たとえば、アプリのボタンを押しても反応しない、計算結果が誤っている、特定の操作で画面が停止する、保存したデータが正しく表示されないといった現象の背景に、プログラム上のバグが存在する場合があります。
ただし、利用者から見える不具合がすべてプログラムのバグとは限りません。サーバーやネットワーク、設定、外部サービスなどが原因となるケースもあるため、実際のソフトウェア開発では原因を切り分けながら調査します。
ソフトウェアの品質とバグ
スマートフォンのアプリやWebサービスだけでなく、金融、物流、交通、医療、行政、製造など、現代社会では幅広い分野でソフトウェアが利用されています。そのため、ソフトウェアの品質は単なる「使いやすさ」だけでなく、安全性やサービスの信頼性にも関わります。
開発現場では、完成したプログラムをただ動かすだけではなく、さまざまな条件を想定したテストを実施し、不具合を発見して修正する作業が行われます。
すべての不具合を事前に完全に排除することは難しいため、問題が発見された後に原因を調査し、修正やアップデートを重ねて品質を高めていくことも重要です。
8月9日に行われてきた「89(バグ)祭」
株式会社SHIFTでは、「ソフトウェアバグの日」に合わせ、2017年から「89(バグ)祭」と呼ばれるイベントを開催してきました。

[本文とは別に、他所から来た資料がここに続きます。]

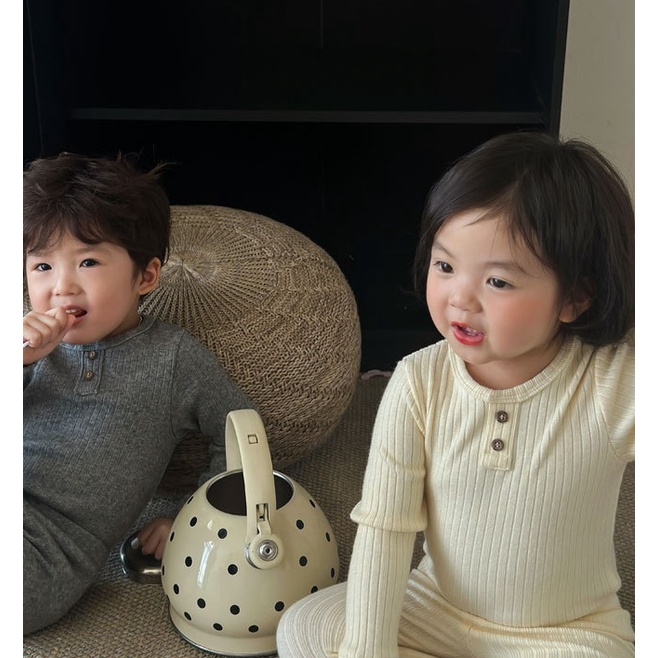 Bộ Quần Áo Dài Tay Len Tăm Dày Dặn 320g 2 Cúc Quảng Châu Cao Cấp Thu Đông 2023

イベントでは、企業のサービス開発プロジェクトにおける成功例や失敗例、ソフトウェアの品質、ITビジネス、DXなどをテーマとしたセッションが企画されており、ソフトウェア開発や品質について考える機会となっています。
「バグ」の語源にまつわる有名なエピソード
コンピューターの「バグ」という言葉については、1947年にアメリカの計算機Harvard Mark IIで起きた出来事が有名です。
装置のリレーに蛾が入り込み、不具合の原因となっていたことが発見され、その蛾が作業記録に貼り付けられました。記録には、実際の虫が見つかったことを示すユーモラスな表現が残されています。

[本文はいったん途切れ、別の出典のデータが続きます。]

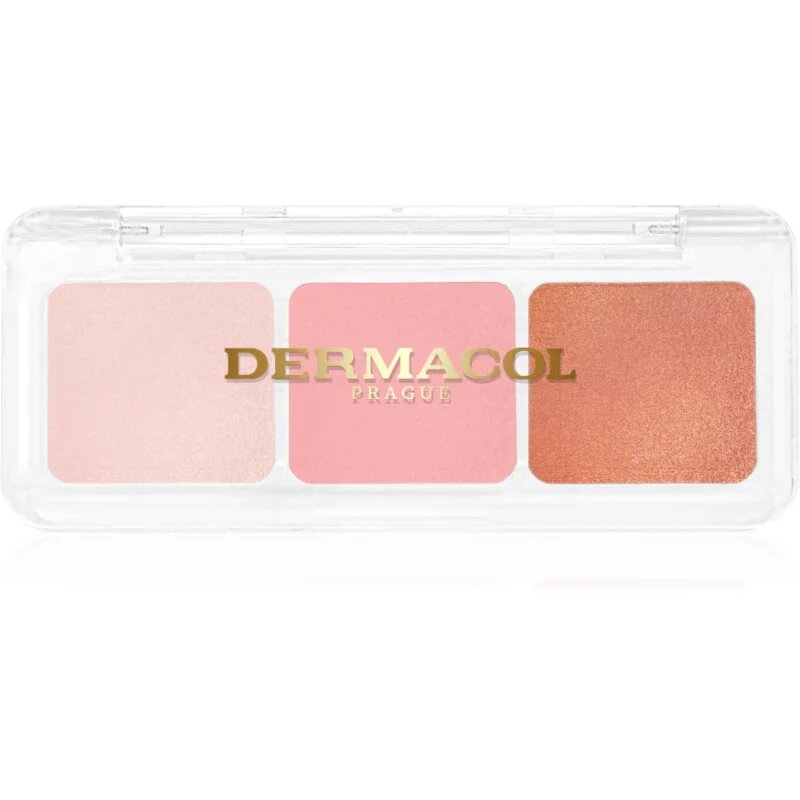 Dermacol Compact Trio paletka očních stínů odstín 4 Fairy Flirtini 4.2 g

この出来事はコンピューター史を紹介する際によく取り上げられますが、「bug」という言葉そのものが、この事件をきっかけに初めて「機械の不具合」という意味で使われるようになったわけではありません。「bug」を技術的な不具合の意味で使った例は、それ以前から確認されています。
豆知識
- 8月9日という日付は「バ(8)グ(9)」の語呂合わせに由来します。
- 制定者は、ソフトウェアの品質保証・テスト事業を手がける株式会社SHIFTです。
- 株式会社SHIFTは8月9日に合わせ、2017年から「89(バグ)祭」を開催してきました。

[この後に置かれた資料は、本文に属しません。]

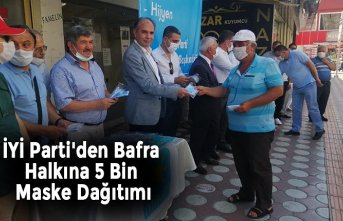 İYİ Parti'den Bafra Halkına 5 Bin Maske Dağıtımı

- ソフトウェアのバグには、画面表示の乱れのような軽微なものから、サービス停止やデータ処理に影響するものまでさまざまな種類があります。
- 1947年のHarvard Mark IIで蛾が発見された出来事は有名ですが、「bug」という言葉自体はそれ以前から機械の不具合を表す言葉として使われていました。
ソフトウェアの品質について考える日
スマートフォン、パソコン、家電、交通システム、企業の業務システムなど、身の回りには数多くのソフトウェアが存在します。
「ソフトウェアバグの日」は、普段は意識する機会の少ないソフトウェアの品質や、その品質を支える開発・テストの仕事について知るきっかけとなる記念日です。